[Caption-style text data]
"""

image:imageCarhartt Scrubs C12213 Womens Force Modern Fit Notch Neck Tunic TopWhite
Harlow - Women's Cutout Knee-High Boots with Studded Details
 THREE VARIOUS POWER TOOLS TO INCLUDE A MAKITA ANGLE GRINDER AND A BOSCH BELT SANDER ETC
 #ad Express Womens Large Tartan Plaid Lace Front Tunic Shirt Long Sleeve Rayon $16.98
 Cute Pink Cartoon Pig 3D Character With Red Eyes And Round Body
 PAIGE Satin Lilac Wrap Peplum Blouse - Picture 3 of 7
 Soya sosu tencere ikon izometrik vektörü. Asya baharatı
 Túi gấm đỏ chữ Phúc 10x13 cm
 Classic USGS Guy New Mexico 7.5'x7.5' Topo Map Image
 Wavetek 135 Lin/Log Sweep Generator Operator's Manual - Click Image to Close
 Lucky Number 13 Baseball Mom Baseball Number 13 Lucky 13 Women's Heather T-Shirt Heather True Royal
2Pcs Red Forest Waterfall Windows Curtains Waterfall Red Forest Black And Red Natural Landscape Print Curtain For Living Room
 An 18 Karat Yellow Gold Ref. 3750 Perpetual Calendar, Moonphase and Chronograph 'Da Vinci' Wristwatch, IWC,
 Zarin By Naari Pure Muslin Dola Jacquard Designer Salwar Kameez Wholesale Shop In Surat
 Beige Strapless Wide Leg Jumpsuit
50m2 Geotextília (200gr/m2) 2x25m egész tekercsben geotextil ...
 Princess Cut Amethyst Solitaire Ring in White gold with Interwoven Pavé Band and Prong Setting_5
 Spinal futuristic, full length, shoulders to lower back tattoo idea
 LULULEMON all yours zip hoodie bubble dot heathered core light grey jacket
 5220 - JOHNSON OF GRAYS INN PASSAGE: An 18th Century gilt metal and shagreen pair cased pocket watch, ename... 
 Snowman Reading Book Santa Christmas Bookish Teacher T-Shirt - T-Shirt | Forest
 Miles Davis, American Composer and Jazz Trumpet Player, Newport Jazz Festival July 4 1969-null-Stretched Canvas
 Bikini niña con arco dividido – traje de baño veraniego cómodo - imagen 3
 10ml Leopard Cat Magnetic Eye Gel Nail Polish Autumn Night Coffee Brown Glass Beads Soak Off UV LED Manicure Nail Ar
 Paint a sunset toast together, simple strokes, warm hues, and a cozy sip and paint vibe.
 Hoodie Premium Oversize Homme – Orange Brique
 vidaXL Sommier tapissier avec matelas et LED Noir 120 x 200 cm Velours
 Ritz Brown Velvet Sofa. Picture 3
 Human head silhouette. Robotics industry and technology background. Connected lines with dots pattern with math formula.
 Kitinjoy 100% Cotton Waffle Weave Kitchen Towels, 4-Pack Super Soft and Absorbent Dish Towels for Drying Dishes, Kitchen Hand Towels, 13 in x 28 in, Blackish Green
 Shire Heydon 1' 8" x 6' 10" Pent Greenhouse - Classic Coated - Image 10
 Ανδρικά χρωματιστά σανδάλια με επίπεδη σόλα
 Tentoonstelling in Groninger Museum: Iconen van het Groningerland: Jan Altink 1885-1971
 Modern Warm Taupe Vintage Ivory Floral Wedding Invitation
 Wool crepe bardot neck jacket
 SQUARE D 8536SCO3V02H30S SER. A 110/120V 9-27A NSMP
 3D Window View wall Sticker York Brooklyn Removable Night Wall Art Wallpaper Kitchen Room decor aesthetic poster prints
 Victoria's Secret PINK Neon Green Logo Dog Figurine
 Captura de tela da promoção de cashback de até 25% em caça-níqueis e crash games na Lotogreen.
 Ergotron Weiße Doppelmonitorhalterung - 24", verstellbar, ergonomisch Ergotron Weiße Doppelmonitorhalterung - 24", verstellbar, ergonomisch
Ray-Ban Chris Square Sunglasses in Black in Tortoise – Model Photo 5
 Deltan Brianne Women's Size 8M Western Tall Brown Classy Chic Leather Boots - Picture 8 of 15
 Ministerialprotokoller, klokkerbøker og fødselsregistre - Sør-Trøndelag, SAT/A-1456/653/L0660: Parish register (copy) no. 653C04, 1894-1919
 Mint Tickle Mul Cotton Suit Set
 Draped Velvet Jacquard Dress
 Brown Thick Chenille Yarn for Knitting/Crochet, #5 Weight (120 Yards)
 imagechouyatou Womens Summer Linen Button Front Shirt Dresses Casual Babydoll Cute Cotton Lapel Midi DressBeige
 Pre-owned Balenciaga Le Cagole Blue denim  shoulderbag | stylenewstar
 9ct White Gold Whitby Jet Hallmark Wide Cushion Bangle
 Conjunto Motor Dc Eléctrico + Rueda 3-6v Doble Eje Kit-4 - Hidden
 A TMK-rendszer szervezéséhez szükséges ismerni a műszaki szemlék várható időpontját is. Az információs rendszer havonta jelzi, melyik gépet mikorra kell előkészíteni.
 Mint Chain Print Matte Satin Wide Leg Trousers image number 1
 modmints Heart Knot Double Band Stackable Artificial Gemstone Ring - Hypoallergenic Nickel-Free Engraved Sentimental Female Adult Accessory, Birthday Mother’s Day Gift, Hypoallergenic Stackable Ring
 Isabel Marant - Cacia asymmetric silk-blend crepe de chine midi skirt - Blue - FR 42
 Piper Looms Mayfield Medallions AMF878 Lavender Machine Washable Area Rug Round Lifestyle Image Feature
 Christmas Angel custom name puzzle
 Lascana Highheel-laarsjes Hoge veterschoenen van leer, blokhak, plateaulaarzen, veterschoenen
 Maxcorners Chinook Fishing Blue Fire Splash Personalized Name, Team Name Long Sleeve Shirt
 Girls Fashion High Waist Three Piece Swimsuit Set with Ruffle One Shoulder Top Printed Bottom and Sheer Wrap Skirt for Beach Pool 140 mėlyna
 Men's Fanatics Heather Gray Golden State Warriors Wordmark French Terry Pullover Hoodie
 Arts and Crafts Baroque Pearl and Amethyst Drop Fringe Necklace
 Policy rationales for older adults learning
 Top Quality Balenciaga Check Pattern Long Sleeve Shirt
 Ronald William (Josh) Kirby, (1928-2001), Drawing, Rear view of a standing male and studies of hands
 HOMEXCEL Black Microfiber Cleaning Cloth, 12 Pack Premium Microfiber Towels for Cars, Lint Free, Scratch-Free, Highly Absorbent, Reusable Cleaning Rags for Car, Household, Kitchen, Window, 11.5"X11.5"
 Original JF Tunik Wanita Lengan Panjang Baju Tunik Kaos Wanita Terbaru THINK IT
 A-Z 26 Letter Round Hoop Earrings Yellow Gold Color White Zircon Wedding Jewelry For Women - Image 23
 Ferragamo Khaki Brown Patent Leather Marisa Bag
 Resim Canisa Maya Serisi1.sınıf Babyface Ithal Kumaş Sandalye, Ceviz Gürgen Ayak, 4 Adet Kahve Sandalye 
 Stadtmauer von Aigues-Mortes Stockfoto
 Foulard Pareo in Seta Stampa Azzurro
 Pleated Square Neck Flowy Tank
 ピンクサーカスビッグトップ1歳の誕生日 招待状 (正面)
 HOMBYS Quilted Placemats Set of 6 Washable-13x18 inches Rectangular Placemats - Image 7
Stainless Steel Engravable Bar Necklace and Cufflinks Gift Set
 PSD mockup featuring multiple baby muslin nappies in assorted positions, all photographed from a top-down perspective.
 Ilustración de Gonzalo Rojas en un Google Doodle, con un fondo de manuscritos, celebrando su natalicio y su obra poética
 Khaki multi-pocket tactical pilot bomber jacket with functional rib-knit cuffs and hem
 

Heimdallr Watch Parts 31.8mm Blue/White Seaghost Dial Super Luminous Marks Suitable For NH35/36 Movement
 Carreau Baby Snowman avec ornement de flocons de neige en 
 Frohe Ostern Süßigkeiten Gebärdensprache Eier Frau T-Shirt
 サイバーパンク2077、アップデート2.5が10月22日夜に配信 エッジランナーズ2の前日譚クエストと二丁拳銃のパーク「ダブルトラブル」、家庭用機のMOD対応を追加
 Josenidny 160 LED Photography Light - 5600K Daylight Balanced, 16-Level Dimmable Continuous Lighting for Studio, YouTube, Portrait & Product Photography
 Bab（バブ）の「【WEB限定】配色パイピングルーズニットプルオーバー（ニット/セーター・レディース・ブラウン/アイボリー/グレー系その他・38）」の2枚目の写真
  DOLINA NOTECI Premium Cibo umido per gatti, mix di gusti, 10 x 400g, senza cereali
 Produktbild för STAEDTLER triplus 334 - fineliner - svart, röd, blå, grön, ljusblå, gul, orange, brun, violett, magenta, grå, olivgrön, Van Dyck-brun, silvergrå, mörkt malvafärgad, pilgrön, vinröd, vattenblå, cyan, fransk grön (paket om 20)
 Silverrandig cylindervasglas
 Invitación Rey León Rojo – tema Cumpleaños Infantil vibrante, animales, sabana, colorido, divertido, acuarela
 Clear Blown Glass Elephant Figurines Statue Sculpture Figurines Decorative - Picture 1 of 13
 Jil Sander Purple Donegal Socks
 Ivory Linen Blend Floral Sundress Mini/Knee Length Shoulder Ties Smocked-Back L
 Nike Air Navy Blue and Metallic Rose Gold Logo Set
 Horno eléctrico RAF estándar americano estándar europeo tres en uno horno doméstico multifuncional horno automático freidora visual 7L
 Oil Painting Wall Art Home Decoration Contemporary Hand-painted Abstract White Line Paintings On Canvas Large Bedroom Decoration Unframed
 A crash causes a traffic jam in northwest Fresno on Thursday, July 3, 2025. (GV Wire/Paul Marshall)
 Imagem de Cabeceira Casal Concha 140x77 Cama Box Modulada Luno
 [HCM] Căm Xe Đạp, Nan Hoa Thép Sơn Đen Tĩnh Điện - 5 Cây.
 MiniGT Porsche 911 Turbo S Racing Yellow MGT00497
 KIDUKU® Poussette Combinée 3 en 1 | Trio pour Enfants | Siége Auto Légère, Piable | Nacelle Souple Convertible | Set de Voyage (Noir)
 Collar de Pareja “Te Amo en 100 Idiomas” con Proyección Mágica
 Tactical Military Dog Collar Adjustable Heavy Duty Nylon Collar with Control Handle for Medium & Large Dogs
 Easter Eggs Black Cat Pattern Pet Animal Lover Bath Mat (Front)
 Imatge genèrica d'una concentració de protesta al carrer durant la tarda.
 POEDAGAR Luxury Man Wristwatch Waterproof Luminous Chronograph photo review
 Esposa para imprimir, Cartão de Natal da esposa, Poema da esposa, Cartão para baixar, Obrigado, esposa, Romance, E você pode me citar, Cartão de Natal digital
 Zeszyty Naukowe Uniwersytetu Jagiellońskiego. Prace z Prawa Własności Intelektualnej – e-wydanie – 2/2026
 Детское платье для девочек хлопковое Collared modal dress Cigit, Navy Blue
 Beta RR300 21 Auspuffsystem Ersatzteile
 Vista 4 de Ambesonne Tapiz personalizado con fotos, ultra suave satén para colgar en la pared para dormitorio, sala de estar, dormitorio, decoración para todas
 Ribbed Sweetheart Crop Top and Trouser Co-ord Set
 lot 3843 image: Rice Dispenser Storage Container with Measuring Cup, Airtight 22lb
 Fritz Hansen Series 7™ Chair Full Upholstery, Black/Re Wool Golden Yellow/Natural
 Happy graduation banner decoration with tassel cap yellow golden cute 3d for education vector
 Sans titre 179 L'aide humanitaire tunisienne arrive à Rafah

"""

WORK REQUIRED
Only one stretch of the records above is wanted: the lines between the one holding "LULULEMON all yours" and the one holding "Tentoonstelling in Groninger", inclusive, reproduced exactly.

SOLUTION
 LULULEMON all yours zip hoodie bubble dot heathered core light grey jacket
 5220 - JOHNSON OF GRAYS INN PASSAGE: An 18th Century gilt metal and shagreen pair cased pocket watch, ename... 
 Snowman Reading Book Santa Christmas Bookish Teacher T-Shirt - T-Shirt | Forest
 Miles Davis, American Composer and Jazz Trumpet Player, Newport Jazz Festival July 4 1969-null-Stretched Canvas
 Bikini niña con arco dividido – traje de baño veraniego cómodo - imagen 3
 10ml Leopard Cat Magnetic Eye Gel Nail Polish Autumn Night Coffee Brown Glass Beads Soak Off UV LED Manicure Nail Ar
 Paint a sunset toast together, simple strokes, warm hues, and a cozy sip and paint vibe.
 Hoodie Premium Oversize Homme – Orange Brique
 vidaXL Sommier tapissier avec matelas et LED Noir 120 x 200 cm Velours
 Ritz Brown Velvet Sofa. Picture 3
 Human head silhouette. Robotics industry and technology background. Connected lines with dots pattern with math formula.
 Kitinjoy 100% Cotton Waffle Weave Kitchen Towels, 4-Pack Super Soft and Absorbent Dish Towels for Drying Dishes, Kitchen Hand Towels, 13 in x 28 in, Blackish Green
 Shire Heydon 1' 8" x 6' 10" Pent Greenhouse - Classic Coated - Image 10
 Ανδρικά χρωματιστά σανδάλια με επίπεδη σόλα
 Tentoonstelling in Groninger Museum: Iconen van het Groningerland: Jan Altink 1885-1971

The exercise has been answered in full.